Let $a,b,c$ be positive real numbers such that $abc=1$. Prove that $$a^2+b^2+c^2\geq a+b+c$$. Also, state the condition for equality.
My Attempt, $a,b,c$ are real and positive numbers, then $$(a-1)^2+(b-1)^2+(c-1)^2\ge 0$$ $$a^2-2a+1+ b^2-2b+1+c^2-2c+1\ge 0$$ $$a^2+b^2+ c^2-2(a+b+c)+3\ge 0$$.
I have made a start in this way, but I am not sure if this works. Please help me, with any simple and beautiful method.

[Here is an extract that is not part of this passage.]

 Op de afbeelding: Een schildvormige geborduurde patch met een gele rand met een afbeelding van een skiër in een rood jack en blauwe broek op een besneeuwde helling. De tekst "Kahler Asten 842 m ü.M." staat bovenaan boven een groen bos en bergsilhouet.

Note that from $$(a-1)^2+(b-1)^2+(c-1)^2 \ge 0$$we have $$a^2+b^2+ c^2 \ge 2(a+b+c)-3$$ By AM-GM $$a+b+c \ge 3 \sqrt[3]{abc}=3 \implies a+b+c-3 \ge 0$$ So $$a^2+b^2+ c^2 \ge 2(a+b+c)-3=a+b+c+(a+b+c-3) \ge a+b+c$$
EDIT
Here is a simple proof of AM-GM when $n=3$. We will prove $$\frac{a+b+c}{3} \ge \sqrt[3]{abc}$$ Let $x=\sqrt[3]{a}, y=\sqrt[3]{b}, z=\sqrt[3]{c}$. The problem is equivalent to proving $$x^3+y^3+z^3-3xyz \ge 0$$ From here, we know $$x^3+y^3+z^3-3xyz=(x+y+z)(x^2+y^2+z^2-xy-yz-zx)$$ This can simplify to $$x^3+y^3+z^3-3xyz=\frac{1}{2}(x+y+z)((x-y)^2+(y-z)^2+(z-x)^2) \ge 0$$ So we are done.
By AM-GM $$6(a^2+b^2+c^2)=\sum_{cyc}(4a^2+b^2+c^2)\geq6\sum_{cyc}\sqrt[6]{a^8b^2c^2}=6(a+b+c)$$ and we are done!